Music notesAs you know, I am a trainer, among other trades. As my Swedish colleague said – “your guitar has many strings”, and this string is of the most important ones. Among other benefits, this allowed me to meet many bright minds of IT scene and that way to get more material for analysis and correlations.

One of the most fascinating and unexpected findings for me was the fact, that musical skills are directly related with the ability of person to write better computer software. In other words, there were no bad software developers among those whom I knew or heard about and who also were good at playing musical instruments.
I am not even talking about composing of music, or singing, or dancing (which, at some degree, could be considered a musical skill, isn’t it?), just plain performing.

As always in such cases, I asked Google whether others noticed that as well, and found quite interesting reports of correlation between music and math, even though I believe that math doesn’t play the paramount role in software development process or other IT skills, or at least it’s role isn’t more important than the role of creativity.
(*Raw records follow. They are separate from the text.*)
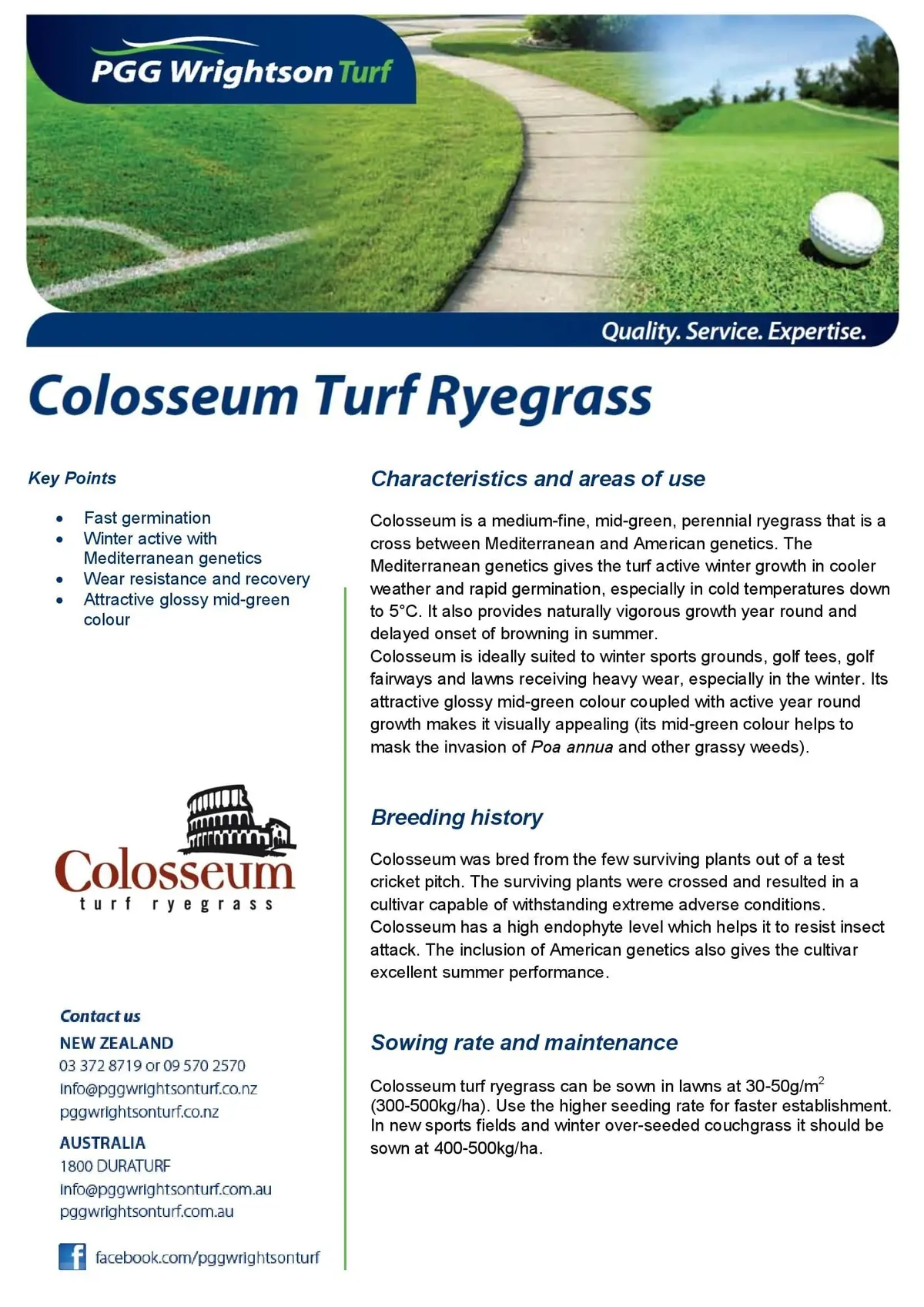 Colosseum Ryegrass Seed 1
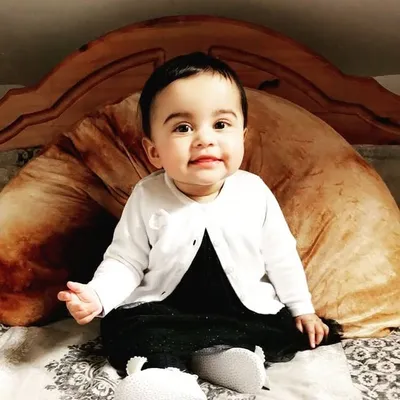 محمد أسد شحذد profile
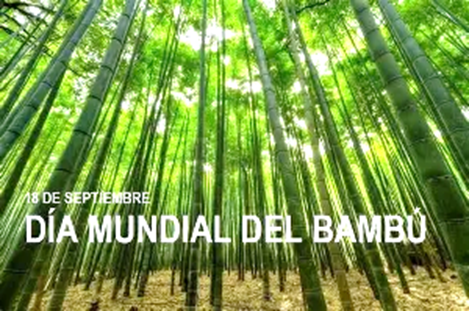 18 de septiembre: Día Mundial del Bambú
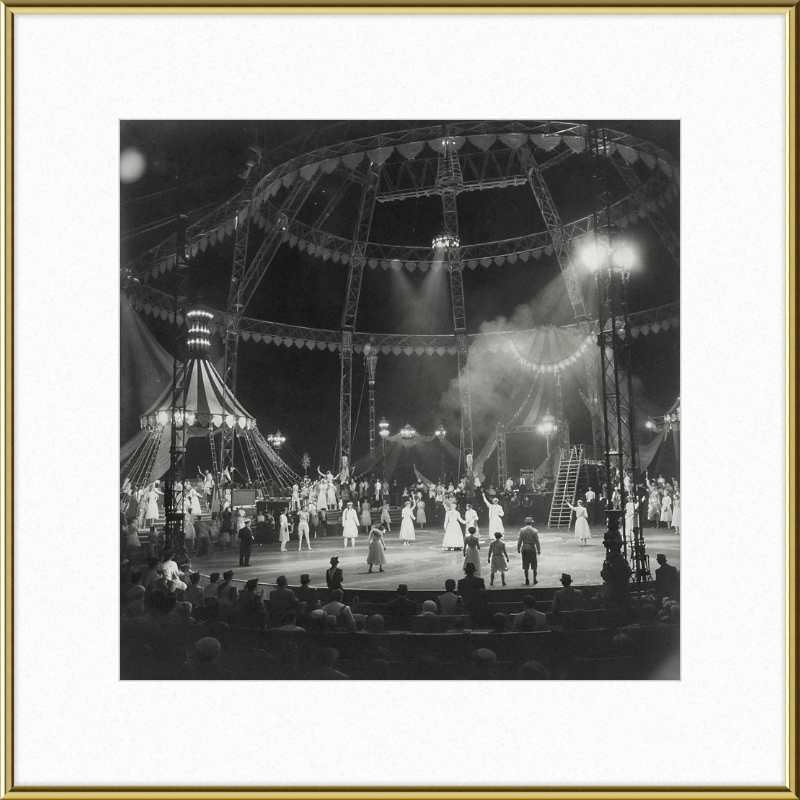 Vintage Circus Act Framed Art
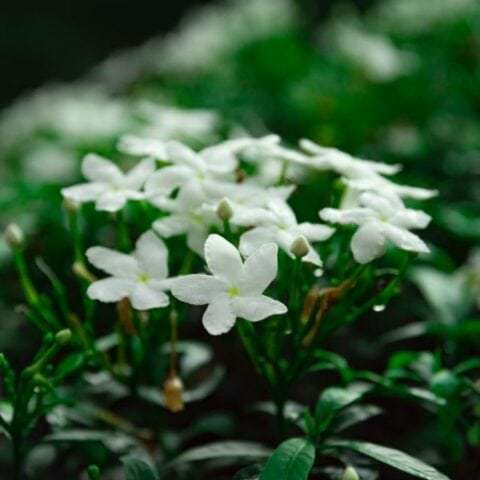 jasmine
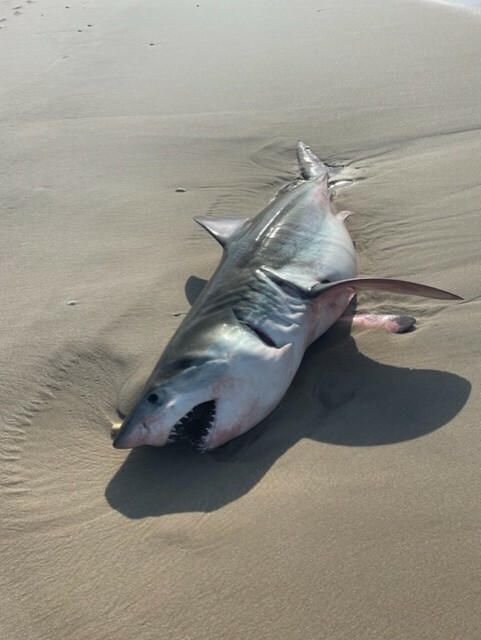 A juvenile great white shark washed ashore in Quogue on Wednesday. COURTESY QUOGUE VILLAGE POLICE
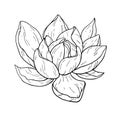 Beautiful black lotus flower monochrome vector hand work illustration is isolated on a white background. Decorative element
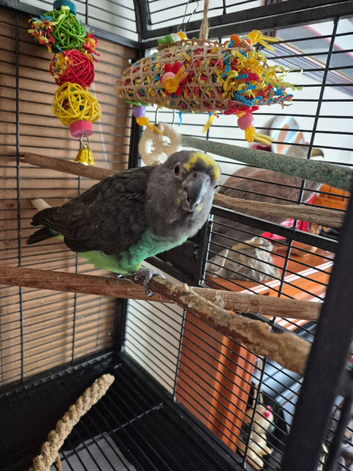 Myers Parakeet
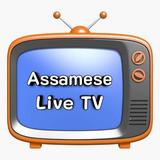 Assamese Live TV icon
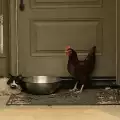 Пожар породи приятелство между коте и кокошка (СНИМКИ)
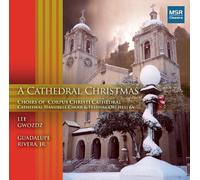 Lee Gwozdz - Cathedral Christmas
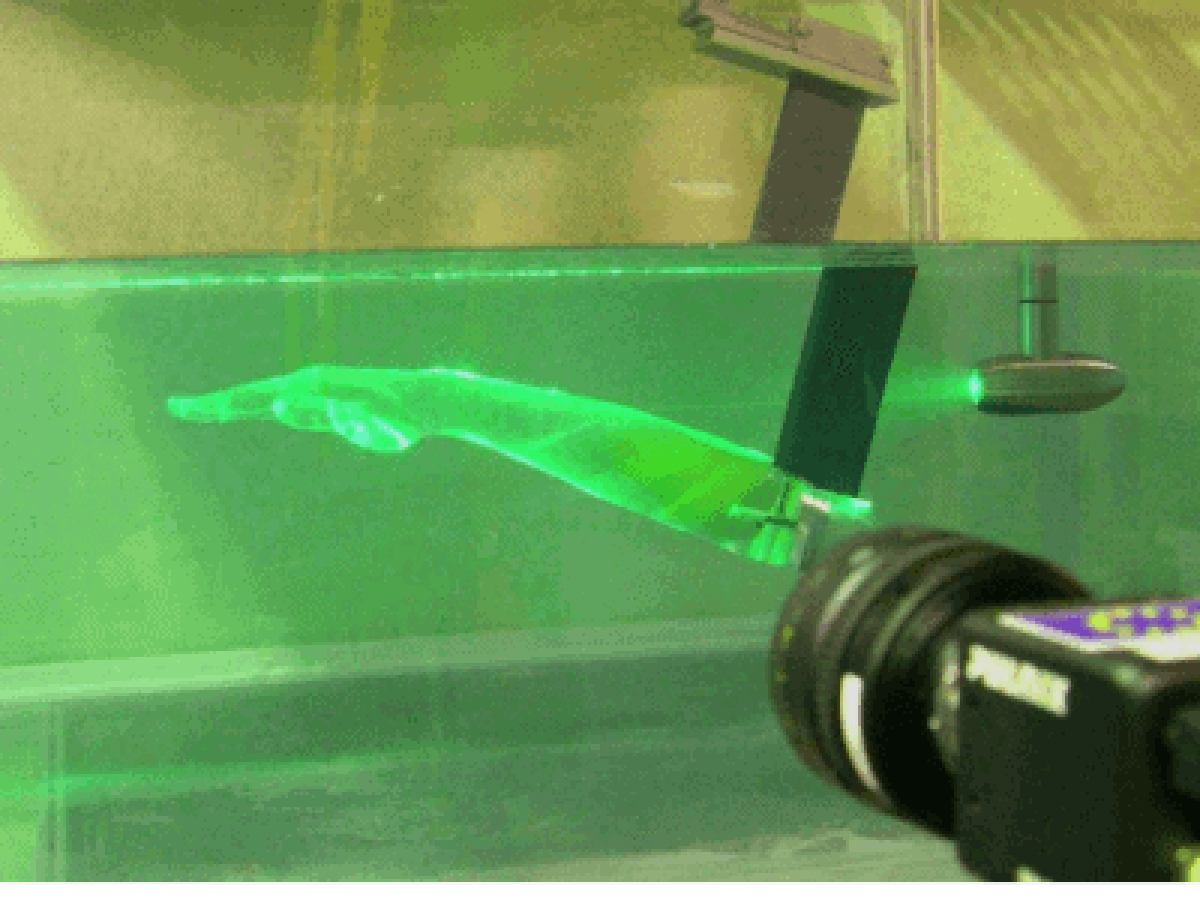 c2ac65fe439b3dd17fe5d3b8f1a273735794c7d7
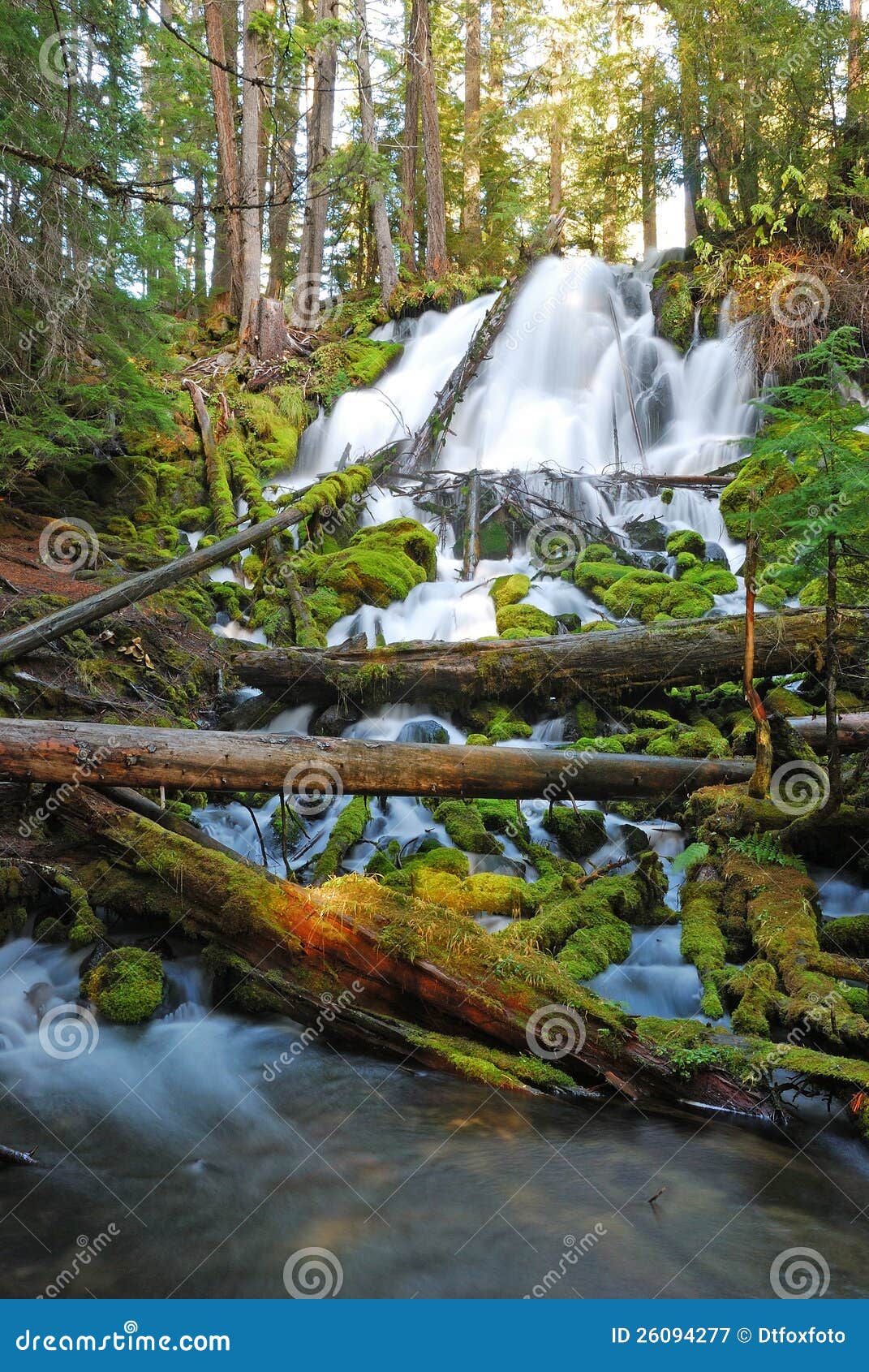 Clearwater Falls stock image. Image of bush, landscape 26094277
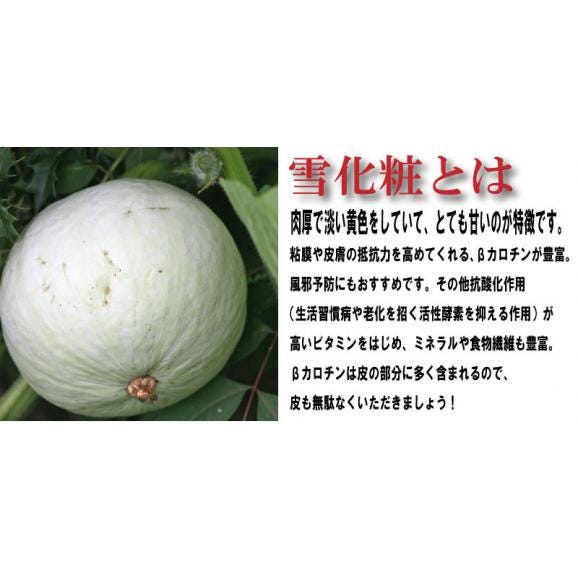 白い かぼちゃ 北海道 富良野産　南瓜 雪化粧 5kg （２から４玉入り）02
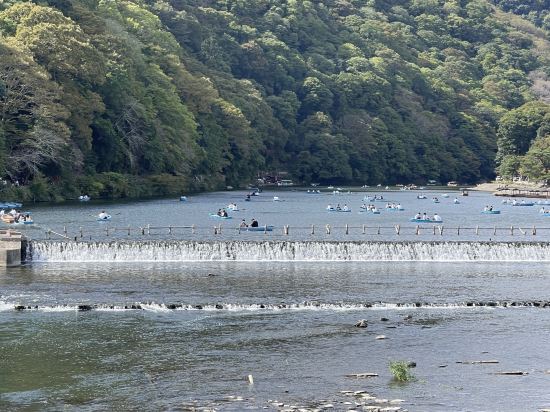 ホテル 嵯峨野 - 成人の方限定 クーポン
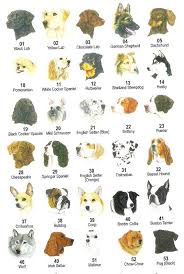 dog breeds pictures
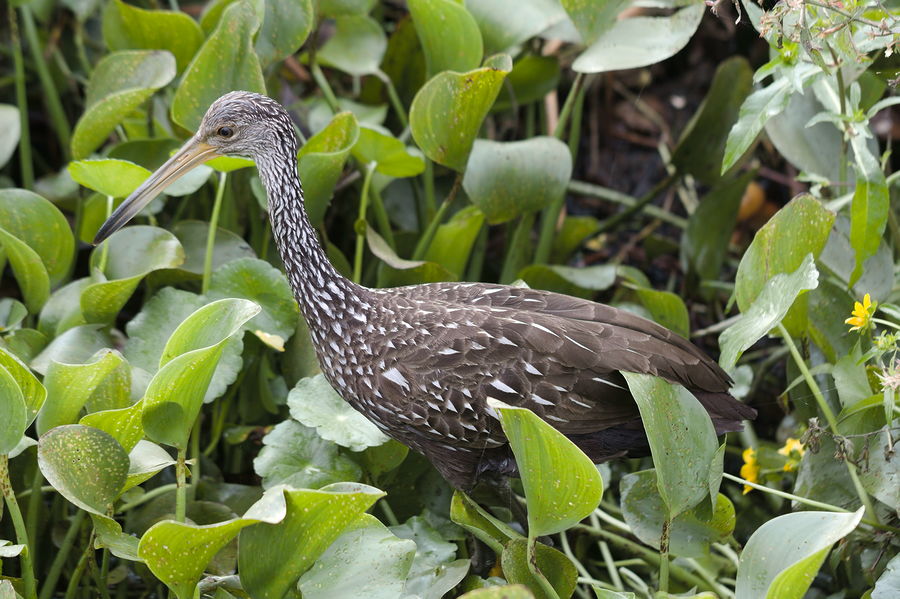 limpkin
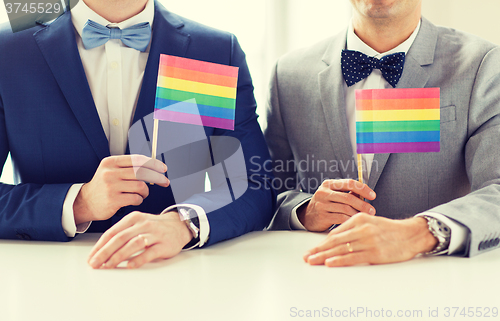 Image of close up of male gay couple holding rainbow flags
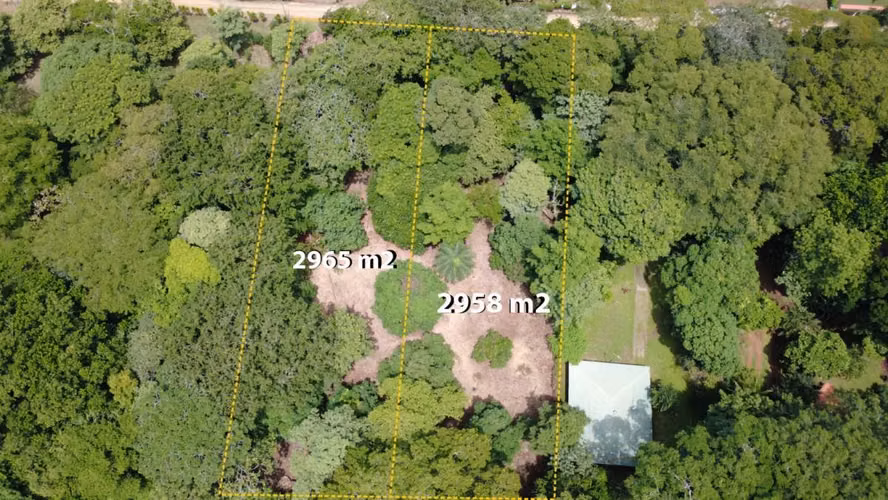 Venta de 2 lotes contiguos en San Mateo de Alajuela - Imagen 11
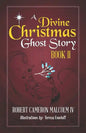 A Divine Christmas Ghost Story: Book II - Paperback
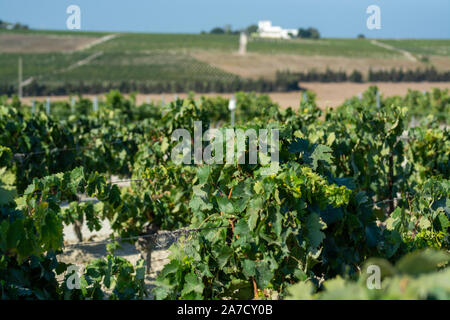 Paysage avec de célèbres vignobles vins sherry en Andalousie, Espagne, doux pedro ximenez ou muscat, ou prêt pour la récolte de raisins palomino, utilisé pour pr Banque D'Images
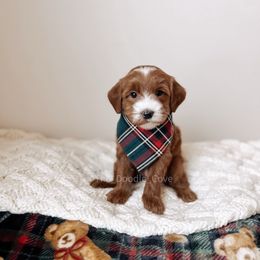 Timeless - RL Christmas - Red  male Goldendoodle puppy in Syracuse, Indiana from The Doodle Cove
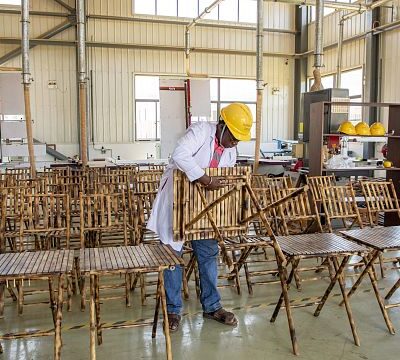 Bamboo farming in Uganda on the rise as gov’t seeks to increase export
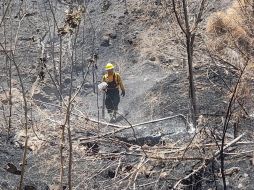 En la zona de la Carretera a Saltillo la Coordinación Municipal de Protección Civil y Bomberos de Zapopan, atendió dos puntos de incendio forestal. ESPECIAL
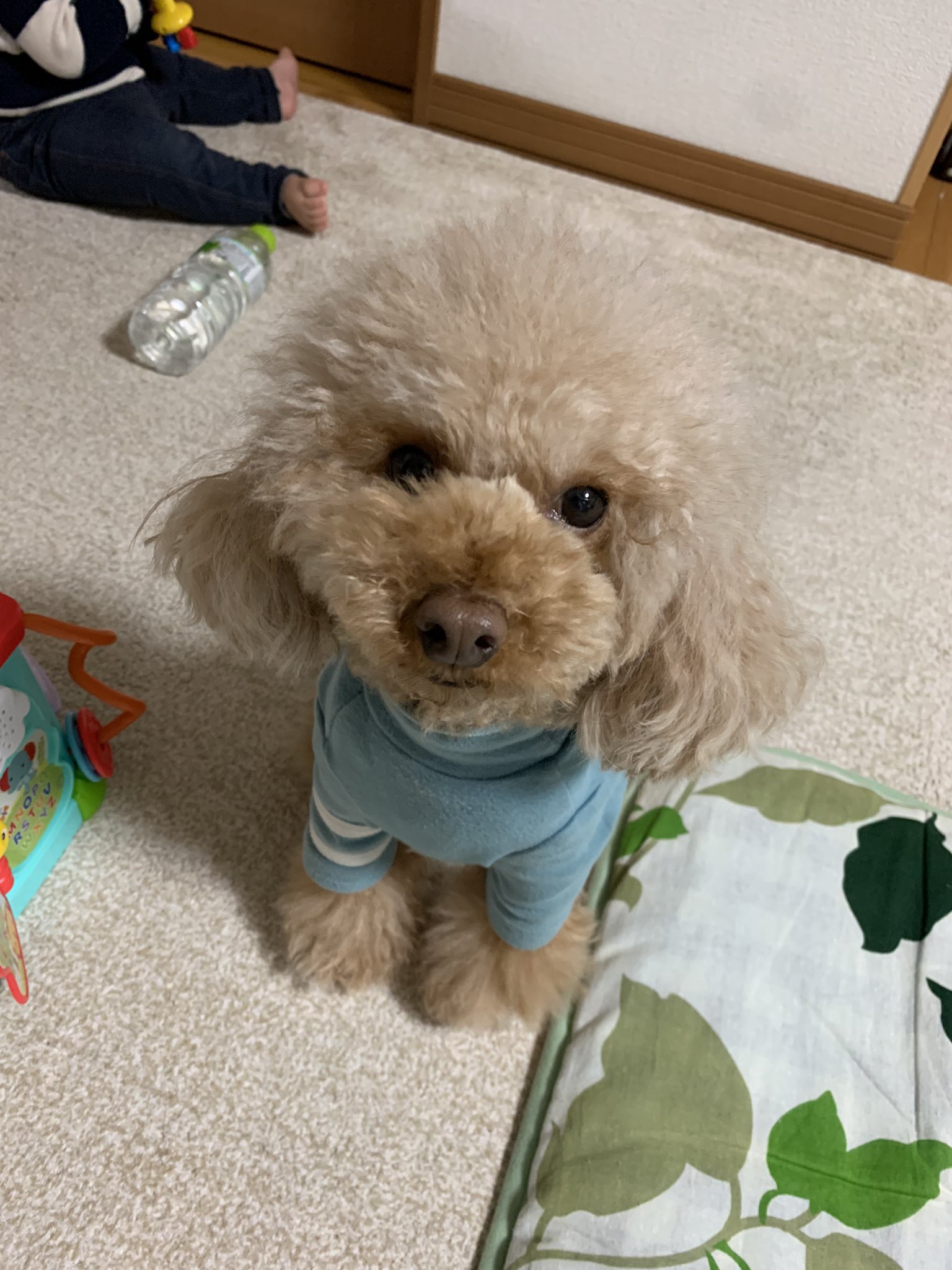 トイプードルまめちゃん (@mamechan0616) / X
My opinion is that software development skills are affected by any creative work, where creative means – having vast amount of variations, preferably infinite, with natural possibility to get unique result.

In this sense, music is ideal candidate – when you hold the instrument, having 6 strings of Spanish guitar or 88 keys of the piano, the amount of variations of what you can do with it is countless. The power of musical improvisation is tremendous for development of open mindset, which is paramount in both software development and architecture.

Have you noticed, that many software developers have Rubik’s cubes on their desks? It doesn’t matter whether they are skilled in assembling that thing or not – it’s there, waiting for it’s hour, catching the eye of it’s owner. The original Rubik’s cube has about 43,252,003,274,489,856,000 variations, that’s 43 quintillions, from which you have to find the path to a single predefined position. It’s a caged spark of creativity and logic, an exercise for the brain. The musical improvisation, on the other hand, has no limits at all, having no predefined beginning or ending.

Still, music is based on logic, the same as math and software development. So practicing music is practicing logic and harmony, which is a big advantage towards anything related to logic. The style, if any, is not important, as what seems like chaotic cacophony for one, could be perfect melody in perception of others.

Overall, I consider musical skills to be of extreme importance for educating a child, regardless of her future path and preferences. Also, speaking about HR, I would consider musical skills as a benefit when employing someone to position, which requires logical thinking, for example – software developer, analyst, architect, quality assurance specialist – they all have to have the established skill of logic, and having musical skill is like wearing a badge of achievement.